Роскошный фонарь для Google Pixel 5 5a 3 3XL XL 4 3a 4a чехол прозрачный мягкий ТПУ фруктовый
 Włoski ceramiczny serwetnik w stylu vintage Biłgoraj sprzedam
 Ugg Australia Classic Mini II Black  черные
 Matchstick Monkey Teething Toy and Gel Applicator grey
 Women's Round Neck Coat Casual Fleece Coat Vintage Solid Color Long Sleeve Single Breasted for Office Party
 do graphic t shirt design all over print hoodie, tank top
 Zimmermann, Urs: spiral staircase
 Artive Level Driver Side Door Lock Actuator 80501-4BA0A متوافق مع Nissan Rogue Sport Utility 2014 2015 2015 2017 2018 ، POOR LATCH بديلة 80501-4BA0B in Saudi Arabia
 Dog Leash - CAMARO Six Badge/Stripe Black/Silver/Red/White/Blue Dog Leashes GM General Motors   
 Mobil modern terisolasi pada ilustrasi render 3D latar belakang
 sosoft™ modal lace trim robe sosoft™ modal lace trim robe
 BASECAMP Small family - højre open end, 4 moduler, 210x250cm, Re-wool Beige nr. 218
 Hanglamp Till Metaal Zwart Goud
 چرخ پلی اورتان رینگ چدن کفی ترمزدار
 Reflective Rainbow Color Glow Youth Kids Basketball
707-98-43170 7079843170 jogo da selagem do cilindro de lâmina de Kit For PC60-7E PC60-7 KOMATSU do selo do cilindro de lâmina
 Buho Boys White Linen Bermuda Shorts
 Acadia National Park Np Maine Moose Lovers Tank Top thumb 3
#####
What the task asks:
Throughout the data above, report every line that contains the string "White".

Task answer:
 Dog Leash - CAMARO Six Badge/Stripe Black/Silver/Red/White/Blue Dog Leashes GM General Motors   
 Buho Boys White Linen Bermuda Shorts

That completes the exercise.